#### Activity
Word for word, copy the line containing "Appartement à LYON-8E" and each line after it in the records below, ending with the last line.

· · ·

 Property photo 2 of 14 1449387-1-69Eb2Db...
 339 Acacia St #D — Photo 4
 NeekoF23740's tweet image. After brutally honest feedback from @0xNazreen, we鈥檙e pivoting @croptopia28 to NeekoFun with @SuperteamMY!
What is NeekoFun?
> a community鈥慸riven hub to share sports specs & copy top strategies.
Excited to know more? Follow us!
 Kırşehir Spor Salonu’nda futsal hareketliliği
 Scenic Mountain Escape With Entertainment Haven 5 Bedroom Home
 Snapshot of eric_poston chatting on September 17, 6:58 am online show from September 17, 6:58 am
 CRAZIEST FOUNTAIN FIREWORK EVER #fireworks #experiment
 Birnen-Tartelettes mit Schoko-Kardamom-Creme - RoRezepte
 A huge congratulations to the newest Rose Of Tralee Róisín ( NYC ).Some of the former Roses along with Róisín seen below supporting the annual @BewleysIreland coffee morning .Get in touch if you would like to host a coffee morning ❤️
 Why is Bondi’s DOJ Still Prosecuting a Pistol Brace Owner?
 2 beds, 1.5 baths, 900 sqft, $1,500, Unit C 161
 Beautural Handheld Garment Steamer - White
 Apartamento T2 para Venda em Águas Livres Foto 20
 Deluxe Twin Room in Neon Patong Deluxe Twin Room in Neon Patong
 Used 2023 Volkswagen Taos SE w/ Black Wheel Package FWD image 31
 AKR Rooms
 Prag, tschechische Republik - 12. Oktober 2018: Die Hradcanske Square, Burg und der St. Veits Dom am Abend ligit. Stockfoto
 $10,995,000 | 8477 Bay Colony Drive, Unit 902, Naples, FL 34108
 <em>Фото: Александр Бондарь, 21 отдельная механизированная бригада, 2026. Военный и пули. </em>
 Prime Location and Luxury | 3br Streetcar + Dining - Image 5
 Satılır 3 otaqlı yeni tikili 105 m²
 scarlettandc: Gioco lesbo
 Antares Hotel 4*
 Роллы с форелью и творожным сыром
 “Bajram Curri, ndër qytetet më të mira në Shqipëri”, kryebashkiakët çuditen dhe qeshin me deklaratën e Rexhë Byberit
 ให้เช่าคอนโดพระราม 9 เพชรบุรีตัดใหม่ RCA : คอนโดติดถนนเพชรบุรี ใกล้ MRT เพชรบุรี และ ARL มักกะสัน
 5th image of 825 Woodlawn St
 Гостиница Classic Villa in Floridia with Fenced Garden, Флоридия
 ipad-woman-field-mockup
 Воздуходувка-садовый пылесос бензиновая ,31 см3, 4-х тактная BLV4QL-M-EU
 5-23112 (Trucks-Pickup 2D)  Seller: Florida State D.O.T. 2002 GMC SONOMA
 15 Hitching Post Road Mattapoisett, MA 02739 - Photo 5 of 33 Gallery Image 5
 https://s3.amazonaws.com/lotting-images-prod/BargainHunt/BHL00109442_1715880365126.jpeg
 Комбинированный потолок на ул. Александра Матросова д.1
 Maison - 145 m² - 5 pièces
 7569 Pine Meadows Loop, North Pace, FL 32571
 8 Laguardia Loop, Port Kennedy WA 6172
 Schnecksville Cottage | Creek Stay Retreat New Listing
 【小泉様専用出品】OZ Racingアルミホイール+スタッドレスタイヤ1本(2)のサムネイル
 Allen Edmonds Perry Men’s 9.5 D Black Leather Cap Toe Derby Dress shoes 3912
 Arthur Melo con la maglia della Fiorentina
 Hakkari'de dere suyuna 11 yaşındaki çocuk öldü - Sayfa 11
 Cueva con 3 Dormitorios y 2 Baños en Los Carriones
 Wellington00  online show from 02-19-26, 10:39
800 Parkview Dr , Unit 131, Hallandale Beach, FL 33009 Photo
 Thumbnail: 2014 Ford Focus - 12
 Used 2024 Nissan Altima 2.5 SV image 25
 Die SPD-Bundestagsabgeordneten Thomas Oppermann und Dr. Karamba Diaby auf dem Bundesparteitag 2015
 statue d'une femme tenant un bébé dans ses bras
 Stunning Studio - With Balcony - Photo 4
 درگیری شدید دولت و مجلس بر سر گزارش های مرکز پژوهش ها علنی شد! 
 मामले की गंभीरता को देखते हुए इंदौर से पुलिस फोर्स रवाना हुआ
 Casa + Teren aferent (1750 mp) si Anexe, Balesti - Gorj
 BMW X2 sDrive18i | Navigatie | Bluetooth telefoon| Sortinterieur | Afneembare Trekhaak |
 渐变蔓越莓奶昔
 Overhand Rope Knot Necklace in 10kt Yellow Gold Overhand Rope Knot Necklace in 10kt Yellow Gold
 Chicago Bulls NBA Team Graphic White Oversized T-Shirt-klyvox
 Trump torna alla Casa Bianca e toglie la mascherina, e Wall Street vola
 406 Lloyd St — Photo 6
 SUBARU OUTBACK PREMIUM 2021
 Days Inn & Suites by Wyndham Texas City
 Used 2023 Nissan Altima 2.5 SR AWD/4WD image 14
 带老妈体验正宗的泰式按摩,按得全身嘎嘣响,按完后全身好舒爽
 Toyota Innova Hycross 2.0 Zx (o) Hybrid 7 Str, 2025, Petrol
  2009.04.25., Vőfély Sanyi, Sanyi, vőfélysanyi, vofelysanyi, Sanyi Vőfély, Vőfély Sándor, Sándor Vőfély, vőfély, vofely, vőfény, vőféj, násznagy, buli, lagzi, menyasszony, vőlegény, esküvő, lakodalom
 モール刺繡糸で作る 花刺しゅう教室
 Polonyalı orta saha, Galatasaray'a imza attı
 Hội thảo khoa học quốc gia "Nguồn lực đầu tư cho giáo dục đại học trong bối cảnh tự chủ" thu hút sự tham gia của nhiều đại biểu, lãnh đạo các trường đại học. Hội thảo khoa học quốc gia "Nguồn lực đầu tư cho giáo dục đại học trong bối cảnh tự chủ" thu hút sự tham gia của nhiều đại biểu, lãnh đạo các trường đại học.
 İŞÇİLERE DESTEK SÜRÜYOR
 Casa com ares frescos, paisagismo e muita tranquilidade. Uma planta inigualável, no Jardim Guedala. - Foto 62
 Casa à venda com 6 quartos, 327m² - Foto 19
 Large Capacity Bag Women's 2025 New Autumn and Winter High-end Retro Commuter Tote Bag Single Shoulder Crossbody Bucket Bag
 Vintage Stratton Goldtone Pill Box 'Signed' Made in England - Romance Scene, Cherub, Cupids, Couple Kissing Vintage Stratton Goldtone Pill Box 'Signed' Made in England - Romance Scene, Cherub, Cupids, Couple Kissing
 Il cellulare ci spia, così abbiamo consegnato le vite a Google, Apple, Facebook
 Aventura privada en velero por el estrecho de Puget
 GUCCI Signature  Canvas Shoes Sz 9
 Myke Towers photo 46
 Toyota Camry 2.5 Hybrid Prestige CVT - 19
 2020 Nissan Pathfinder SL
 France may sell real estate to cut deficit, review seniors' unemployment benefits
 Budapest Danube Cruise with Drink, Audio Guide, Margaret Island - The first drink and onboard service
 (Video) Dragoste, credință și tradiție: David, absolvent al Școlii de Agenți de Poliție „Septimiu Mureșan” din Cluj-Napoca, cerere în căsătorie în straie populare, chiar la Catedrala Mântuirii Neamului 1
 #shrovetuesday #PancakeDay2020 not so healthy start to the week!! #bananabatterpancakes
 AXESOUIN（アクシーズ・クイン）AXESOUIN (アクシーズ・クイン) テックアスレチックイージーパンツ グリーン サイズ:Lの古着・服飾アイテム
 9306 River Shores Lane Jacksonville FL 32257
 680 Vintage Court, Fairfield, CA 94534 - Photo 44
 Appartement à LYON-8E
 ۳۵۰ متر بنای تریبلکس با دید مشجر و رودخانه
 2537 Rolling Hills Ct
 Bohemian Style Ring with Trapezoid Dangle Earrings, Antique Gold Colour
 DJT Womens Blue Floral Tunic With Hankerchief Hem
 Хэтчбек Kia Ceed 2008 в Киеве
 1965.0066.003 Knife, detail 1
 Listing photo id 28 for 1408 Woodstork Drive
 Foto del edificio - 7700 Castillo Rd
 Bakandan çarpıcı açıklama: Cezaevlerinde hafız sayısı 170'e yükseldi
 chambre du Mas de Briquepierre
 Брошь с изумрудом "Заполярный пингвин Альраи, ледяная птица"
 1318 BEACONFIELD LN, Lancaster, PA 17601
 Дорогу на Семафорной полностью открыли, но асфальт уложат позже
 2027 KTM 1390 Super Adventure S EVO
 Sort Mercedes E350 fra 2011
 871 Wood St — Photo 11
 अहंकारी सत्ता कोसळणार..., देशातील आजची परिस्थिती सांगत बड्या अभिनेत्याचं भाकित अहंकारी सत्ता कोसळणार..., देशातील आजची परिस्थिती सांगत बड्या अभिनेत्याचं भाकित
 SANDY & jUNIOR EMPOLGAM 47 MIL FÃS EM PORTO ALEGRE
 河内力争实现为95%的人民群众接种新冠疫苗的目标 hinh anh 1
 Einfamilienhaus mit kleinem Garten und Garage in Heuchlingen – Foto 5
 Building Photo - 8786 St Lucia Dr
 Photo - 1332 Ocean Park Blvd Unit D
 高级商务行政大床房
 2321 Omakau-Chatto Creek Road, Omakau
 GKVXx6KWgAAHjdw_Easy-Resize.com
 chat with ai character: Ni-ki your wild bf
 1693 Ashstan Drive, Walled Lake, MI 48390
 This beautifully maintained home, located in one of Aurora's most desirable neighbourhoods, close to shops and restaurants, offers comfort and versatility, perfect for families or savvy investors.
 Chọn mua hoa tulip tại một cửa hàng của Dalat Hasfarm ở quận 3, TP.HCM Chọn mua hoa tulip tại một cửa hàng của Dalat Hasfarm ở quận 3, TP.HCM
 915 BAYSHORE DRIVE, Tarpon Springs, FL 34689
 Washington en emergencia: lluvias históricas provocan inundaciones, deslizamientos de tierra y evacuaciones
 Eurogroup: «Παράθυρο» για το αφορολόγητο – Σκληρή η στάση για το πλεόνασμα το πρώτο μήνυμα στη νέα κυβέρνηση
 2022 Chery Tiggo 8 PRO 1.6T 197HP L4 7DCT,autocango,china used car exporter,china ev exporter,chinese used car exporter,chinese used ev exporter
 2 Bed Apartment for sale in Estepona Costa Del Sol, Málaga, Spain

· · ·

#### Exercise answer
 Appartement à LYON-8E
 ۳۵۰ متر بنای تریبلکس با دید مشجر و رودخانه
 2537 Rolling Hills Ct
 Bohemian Style Ring with Trapezoid Dangle Earrings, Antique Gold Colour
 DJT Womens Blue Floral Tunic With Hankerchief Hem
 Хэтчбек Kia Ceed 2008 в Киеве
 1965.0066.003 Knife, detail 1
 Listing photo id 28 for 1408 Woodstork Drive
 Foto del edificio - 7700 Castillo Rd
 Bakandan çarpıcı açıklama: Cezaevlerinde hafız sayısı 170'e yükseldi
 chambre du Mas de Briquepierre
 Брошь с изумрудом "Заполярный пингвин Альраи, ледяная птица"
 1318 BEACONFIELD LN, Lancaster, PA 17601
 Дорогу на Семафорной полностью открыли, но асфальт уложат позже
 2027 KTM 1390 Super Adventure S EVO
 Sort Mercedes E350 fra 2011
 871 Wood St — Photo 11
 अहंकारी सत्ता कोसळणार..., देशातील आजची परिस्थिती सांगत बड्या अभिनेत्याचं भाकित अहंकारी सत्ता कोसळणार..., देशातील आजची परिस्थिती सांगत बड्या अभिनेत्याचं भाकित
 SANDY & jUNIOR EMPOLGAM 47 MIL FÃS EM PORTO ALEGRE
 河内力争实现为95%的人民群众接种新冠疫苗的目标 hinh anh 1
 Einfamilienhaus mit kleinem Garten und Garage in Heuchlingen – Foto 5
 Building Photo - 8786 St Lucia Dr
 Photo - 1332 Ocean Park Blvd Unit D
 高级商务行政大床房
 2321 Omakau-Chatto Creek Road, Omakau
 GKVXx6KWgAAHjdw_Easy-Resize.com
 chat with ai character: Ni-ki your wild bf
 1693 Ashstan Drive, Walled Lake, MI 48390
 This beautifully maintained home, located in one of Aurora's most desirable neighbourhoods, close to shops and restaurants, offers comfort and versatility, perfect for families or savvy investors.
 Chọn mua hoa tulip tại một cửa hàng của Dalat Hasfarm ở quận 3, TP.HCM Chọn mua hoa tulip tại một cửa hàng của Dalat Hasfarm ở quận 3, TP.HCM
 915 BAYSHORE DRIVE, Tarpon Springs, FL 34689
 Washington en emergencia: lluvias históricas provocan inundaciones, deslizamientos de tierra y evacuaciones
 Eurogroup: «Παράθυρο» για το αφορολόγητο – Σκληρή η στάση για το πλεόνασμα το πρώτο μήνυμα στη νέα κυβέρνηση
 2022 Chery Tiggo 8 PRO 1.6T 197HP L4 7DCT,autocango,china used car exporter,china ev exporter,chinese used car exporter,chinese used ev exporter
 2 Bed Apartment for sale in Estepona Costa Del Sol, Málaga, Spain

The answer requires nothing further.